1.8.18 For adults with early onset type 2 diabetes:

  • Offer metformin and an SGLT-2 inhibitor.
  • Consider adding a GLP-1 receptor agonist.

People living with obesity

1.8.21 For adults with type 2 diabetes who are living with obesity, offer:

  • metformin and
  • an SGLT-2 inhibitor.

People with chronic kidney disease

1.8.24 For adults with type 2 diabetes and an eGFR above 30 ml/min/1.73 m²:

  • Offer metformin and either dapagliflozin or empagliflozin.
  • If metformin is contraindicated or not tolerated, offer either dapagliflozin or empagliflozin alone.

1.8.26–1.8.28 For eGFR 20–<30: offer dapagliflozin or empagliflozin alone. For eGFR <20: consider a DPP-4 inhibitor; if not suitable, consider pioglitazone or an insulin-based treatment.

People with frailty

1.8.30 For adults… at risk of adverse events from SGLT-2 inhibitors:

  • consider metformin alone
  • if metformin is contraindicated or not tolerated, consider a DPP-4 inhibitor.

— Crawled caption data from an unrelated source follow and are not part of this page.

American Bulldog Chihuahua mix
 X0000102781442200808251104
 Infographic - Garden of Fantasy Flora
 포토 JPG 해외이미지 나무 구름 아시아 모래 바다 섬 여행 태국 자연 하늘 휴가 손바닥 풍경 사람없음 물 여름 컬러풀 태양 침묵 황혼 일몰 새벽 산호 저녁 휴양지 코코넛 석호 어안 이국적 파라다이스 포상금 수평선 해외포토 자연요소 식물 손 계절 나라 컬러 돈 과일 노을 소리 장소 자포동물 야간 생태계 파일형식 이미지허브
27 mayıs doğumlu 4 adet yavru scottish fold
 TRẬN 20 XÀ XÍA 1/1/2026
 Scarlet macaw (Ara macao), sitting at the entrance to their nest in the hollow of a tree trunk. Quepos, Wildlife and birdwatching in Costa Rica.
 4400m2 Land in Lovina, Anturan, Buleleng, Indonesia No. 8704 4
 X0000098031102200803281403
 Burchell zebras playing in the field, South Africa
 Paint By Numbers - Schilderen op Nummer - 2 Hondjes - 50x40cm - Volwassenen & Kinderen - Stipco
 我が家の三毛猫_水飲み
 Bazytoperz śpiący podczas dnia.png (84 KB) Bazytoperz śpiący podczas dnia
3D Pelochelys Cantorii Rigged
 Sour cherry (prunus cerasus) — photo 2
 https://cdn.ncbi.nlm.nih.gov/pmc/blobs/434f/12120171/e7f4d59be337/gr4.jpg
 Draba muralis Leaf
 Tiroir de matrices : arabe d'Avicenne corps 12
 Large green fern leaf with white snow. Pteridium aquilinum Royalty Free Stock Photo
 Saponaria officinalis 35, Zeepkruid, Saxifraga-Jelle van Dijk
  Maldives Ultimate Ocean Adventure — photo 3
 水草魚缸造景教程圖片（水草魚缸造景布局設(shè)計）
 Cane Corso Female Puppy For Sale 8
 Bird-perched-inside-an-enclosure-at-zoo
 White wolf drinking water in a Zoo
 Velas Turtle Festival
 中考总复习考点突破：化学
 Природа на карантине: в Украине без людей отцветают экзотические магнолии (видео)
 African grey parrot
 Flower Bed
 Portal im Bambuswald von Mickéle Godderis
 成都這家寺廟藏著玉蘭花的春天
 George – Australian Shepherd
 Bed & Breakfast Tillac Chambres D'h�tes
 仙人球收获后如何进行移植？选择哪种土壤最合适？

How to introduce medicines / SGLT-2 safety

1.8.34 …introduce the medicines one at a time, starting with metformin… if using an SGLT-2 inhibitor, start this as soon as metformin tolerability is confirmed… if using a GLP-1 receptor agonist, start this as soon as the SGLT-2 inhibitor tolerability is confirmed.

1.8.35 Before starting an SGLT-2 inhibitor, check whether the person may be at increased risk of DKA (for example previous DKA, intercurrent illness, very-low-carb/ketogenic diet).